Anti-tax evasion squad Cobra marks one year in action with convincing results
Cobra, a special team established to fight tax evasion just a year ago, has produced convincing results. Assessing its first year in action, police president Tomáš Tuhý, said the team had done a good job, preventing tax evasion to the tune of 1.9 billion crowns.
Compared to the overall amount, the 1.9 billion crowns saved in the past year is a drop in the ocean but according to police chief Tomáš Tuhý it’s a good start and the team has proved it is action-capable. In the past 12 months it has investigated dozens of cases relating to fictitious deals in the areas of fuel, advertising, textiles, machinery, construction works, cigarettes and tobacco. Overall it investigated 275 people and proposed filing charges against 210 of them. The biggest raid undertaken by the squad took place in the vicinity of Kladno, central Bohemia, in early February, in which 29 people were arrested in connection with suspected tax evasion to the tune of 300 million crowns.
“The past twelve months have proved that we are capable of cracking down on the big fish, not just the small fry,” police chief Tomáš Tuhý told reporters in Prague on Monday. He is asking the government to finance the team’s expansion which would enable it to get a broader scope, covering all regions of the Czech Republic and working on more cases simultaneously.

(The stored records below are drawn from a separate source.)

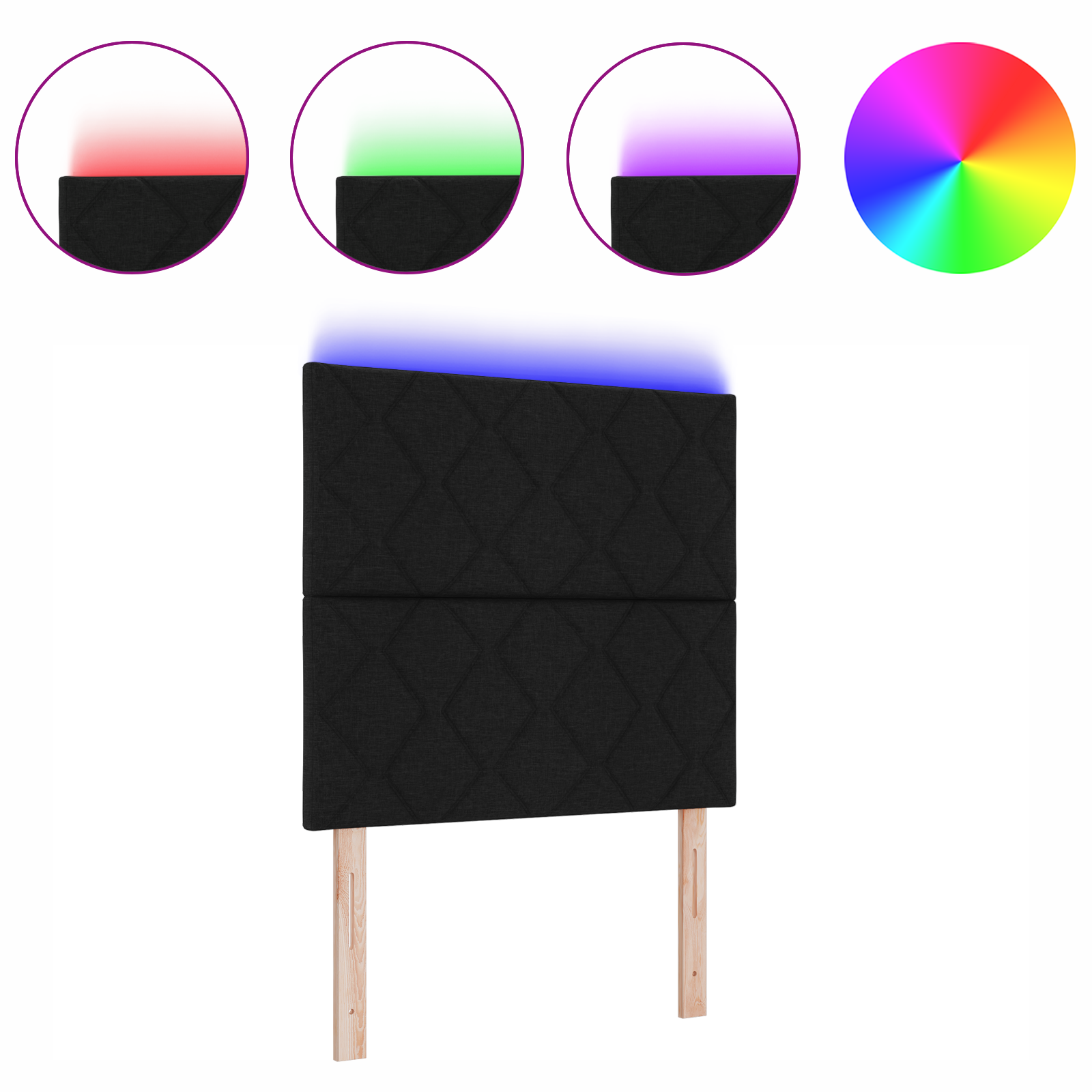 Cap de pat LED vidaXL design blocuri de diamant negru 90 cm țesătură Cap de pat LED vidaXL design blocuri de diamant negru 90 cm țesătură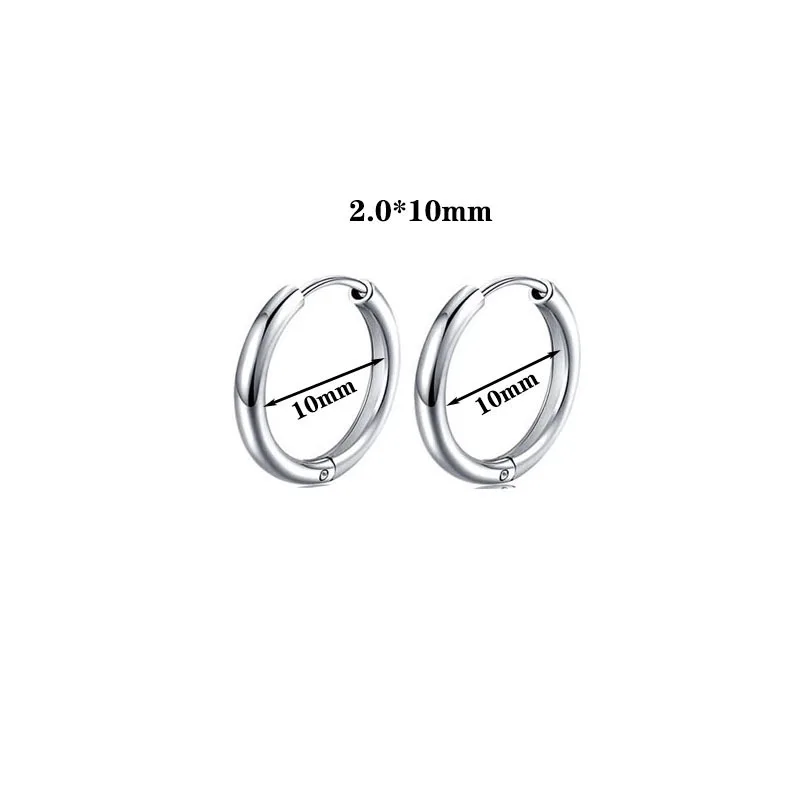 1pair 2.0mm Line 8mm-20mm Stainless Steel Hoop Earrings For Women Piercing Jewelry Earring Prevent Allergy Wholesale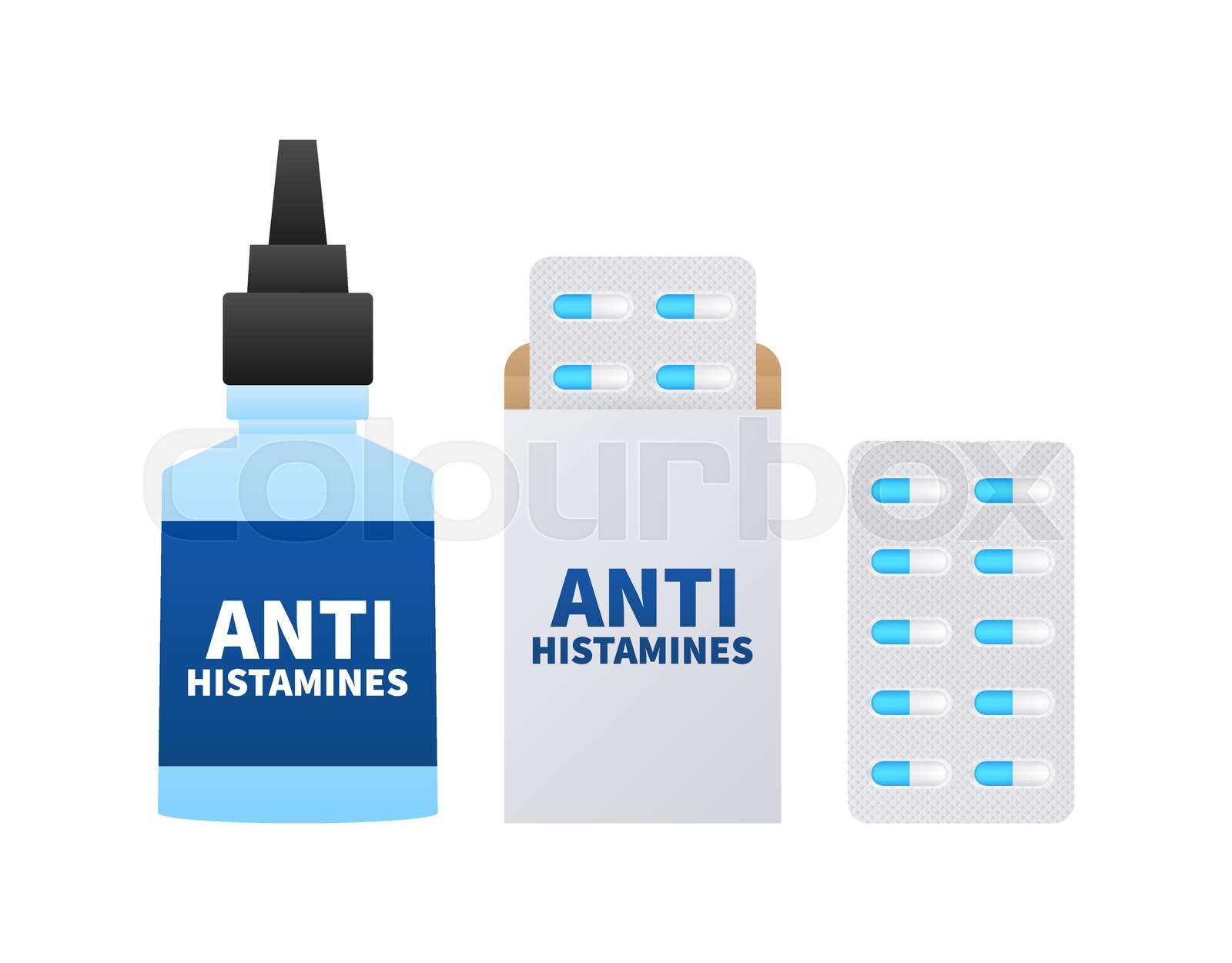 Antihistamine Tablets, pills and drops. Anti allergy medicine. Vector ...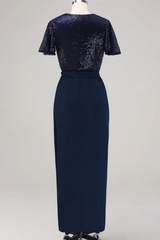 Navy Wrap Neck Short Sleeves Mother of the Bride Dress with Sequin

At present the team has approximately 60 people. Tuhý would like to see their ranks expanded by another 150 in the next four years. Whether or not that is realistic will depend on the overall amount earmarked for the police force in the coming years – if there is money for expansion Cobra should be able to expand as well, the police president said.
He produced the teams’ result just hours before a document on the future of the police force was to be debated by the National Security Council and then discussed in the Cabinet.